Citizenship within the MCT was debated for a long time. Our leaders at that time wanted all descendants included in membership, but were forced to agree to use the ¼-degree blood quantum that we still have in effect today.

The Constitution has changed a little over time with referendums approved by voters and the Secretary of the Interior. The first change happened by a referendum of voters in 1963. The Assistant Secretary of the Interior approved the Revised Constitution on March 3, 1964. This change created the “Revised” Constitution, removed the local charters, created the Reservation Business Committee structure, implemented ¼-degree blood quantum, and changed term limits from one year to four years.

More changes were approved by voters and the Secretary of the Interior in 1972. Footnotes on the MCT Constitution, 1972 version, highlight changes: 1.) Voting age was changed to 18; 2.) Candidates for office must be at least 21 years of age as well as enrolled in and reside on the reservation of their enrollment. Before the 1972 constitutional amendment, the MCT acted more like one. People were eligible for services on any of the six reservations and could even run for office on any reservation as long as they were enrolled in the MCT.

More changes to the MCT Constitution were approved by voters and the Secretary of the Interior in 2005/2006. Almost 83 percent of the members who voted on November 22, 2005, approved two measures: 

Proposed Amendment A: A candidate for Chairman, Secretary-Treasurer and Committeeman must be an enrolled member of the Tribe and reside on the reservation of his or her enrollment for one year before the date of election. No member of the Tribe shall be eligible to hold office either as a Committeeman or Officer until he or she has reached his or her twenty-first birthday on or before the date of election (4,127 to 846) and 

Proposed Amendment B: No member of the Tribe shall be eligible to hold office either as a Committeeman or Officer if he or she has ever been convicted of a felony of any kind; or a lesser crime involving theft, misappropriation, or embezzlement of money, funds, assets, or property of an Indian tribe or a tribal organization.

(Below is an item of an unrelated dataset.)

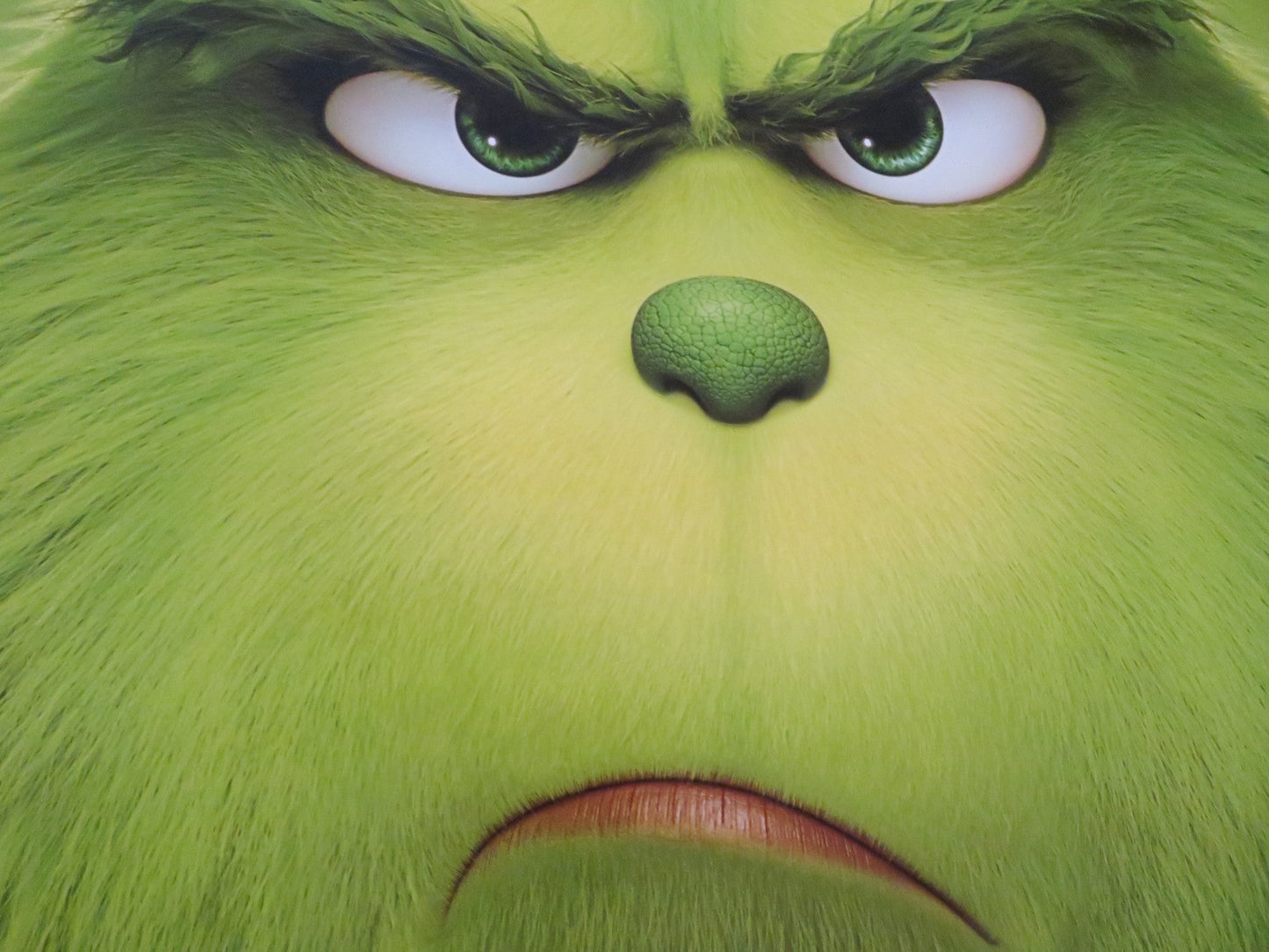 THE GRINCH US ONE SHEET ROLLED POSTER BENEDICT CUMBERBATCH CAMERON SEELY 2018 Rendezvous Cinema Movie posters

The current MCT Constitution can be changed by a vote of the people. Twenty percent of the resident voters or eight members of the TEC can ask the Secretary of the Interior to call for a referendum where all MCT members are then allowed to vote on a proposed change. The Constitution requires that 30 percent of those entitled to vote must vote, and if a majority of the voters agree, the change is implemented.